Igual mensagem de proibição do curso
da execução fiscal antes de decisão rejeitando os embargos transmite o
§2º do artigo 32 da Lei 6.830/80, ao determinar que após o trânsito
em julgado da decisão, o depósito, monetariamente atualizado, será
devolvido ao depositante ou entregue à Fazenda Pública, mediante ordem
do juízo competente. Ora, o verbo será, no futuro simples,
traduz um comando, pois é próprio da Língua Portuguesa que se use o
tempo futuro simples como vicário para exprimir um comando. Trata-se de
uma ordem dirigida ao juiz. Não pode ele entregar o depósito a nenhuma
das partes antes do julgamento definitivo (= trânsito em julgado) dos
embargos.
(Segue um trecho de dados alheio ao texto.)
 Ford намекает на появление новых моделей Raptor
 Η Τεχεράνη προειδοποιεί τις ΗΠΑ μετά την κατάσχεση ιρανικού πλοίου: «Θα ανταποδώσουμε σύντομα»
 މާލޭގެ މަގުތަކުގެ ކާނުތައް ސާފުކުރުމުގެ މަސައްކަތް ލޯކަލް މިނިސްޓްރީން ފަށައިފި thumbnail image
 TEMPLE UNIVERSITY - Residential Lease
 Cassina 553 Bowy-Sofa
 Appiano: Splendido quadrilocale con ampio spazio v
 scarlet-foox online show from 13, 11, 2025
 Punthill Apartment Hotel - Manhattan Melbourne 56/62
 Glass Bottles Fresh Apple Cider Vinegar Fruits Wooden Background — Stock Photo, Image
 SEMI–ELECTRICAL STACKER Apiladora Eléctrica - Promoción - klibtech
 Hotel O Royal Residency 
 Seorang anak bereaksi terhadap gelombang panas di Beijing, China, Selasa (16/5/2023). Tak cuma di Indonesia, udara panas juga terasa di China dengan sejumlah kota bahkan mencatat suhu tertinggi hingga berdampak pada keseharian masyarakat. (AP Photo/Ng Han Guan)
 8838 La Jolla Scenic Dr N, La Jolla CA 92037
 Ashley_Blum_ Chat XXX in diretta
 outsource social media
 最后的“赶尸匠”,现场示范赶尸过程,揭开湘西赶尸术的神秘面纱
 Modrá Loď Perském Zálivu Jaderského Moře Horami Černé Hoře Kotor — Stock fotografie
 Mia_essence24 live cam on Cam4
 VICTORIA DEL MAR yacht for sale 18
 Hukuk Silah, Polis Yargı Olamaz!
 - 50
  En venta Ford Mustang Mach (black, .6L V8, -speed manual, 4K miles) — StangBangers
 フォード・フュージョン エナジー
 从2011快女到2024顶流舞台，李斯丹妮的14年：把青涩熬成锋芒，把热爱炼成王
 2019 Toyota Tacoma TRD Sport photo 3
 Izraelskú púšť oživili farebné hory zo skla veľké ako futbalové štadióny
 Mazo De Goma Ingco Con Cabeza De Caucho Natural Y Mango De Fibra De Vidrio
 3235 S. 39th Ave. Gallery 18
Tal circunstância, isto é, esse comando legal ficaria sem
sentido se a execução pudesse prosseguir, pois, em tal hipótese, seria
dado ao juiz, antes da decisão definitiva sobre os embargos, poder
desobedecer à lei e entregar à Fazenda Pública ou ao depositante o valor
do depósito.
Força convir que a concretização do preceito
inscrito no §2º do artigo 32 somente pode dar-se se a execução tiver
sido suspensa com a oposição dos embargos. Qualquer outra conclusão
consistirá em ilogismo, um absurdo racional. Insista-se, a mensagem
normativa em apreço torna imprescindível não só a sentença nos embargos,
acolhendo-os ou rejeitando-os, mas o trânsito em julgado dessa decisão
para que a execução possa retomar sua marcha a fim de a garantia ser
destinada a quem de direito. Por outros termos, a sentença favorável à
Fazenda é condição necessária para que a execução prossiga e lhe seja
entregue o depósito, mas não é condição suficiente, porque o fato
entrega do depósito só se concretiza com o trânsito em julgado, e isso
só é possível porque o fato da oposição dos embargos tem o condão de
suspender o curso da execução.
Muito bem, a conclusão inexorável é
de que há previsão na Lei 6.830/80 acerca do efeito da oposição dos
embargos, como comprovam os artigos citados e analisados, pois, em todos
os casos, o prosseguimento da execução depende do julgamento dos
embargos, e, por isso, não deve ser aplicado o artigo 739-A do Código de
Processo Civil. Ao aplicar o artigo 739-A, topologicamente localizado
nas Disposições Gerais do Livro das Execuções do codex,
as decisões judiciais rompem com a segura regra de hermenêutica segundo
a qual a lei geral não revoga a lei especial, fazendo exatamente o
oposto, ou seja, admitindo que a lei geral inserta nas disposições
gerais das execuções reguladas pelo Código de Processo Civil revogue as
regras especiais contidas na Lei 6.830/80.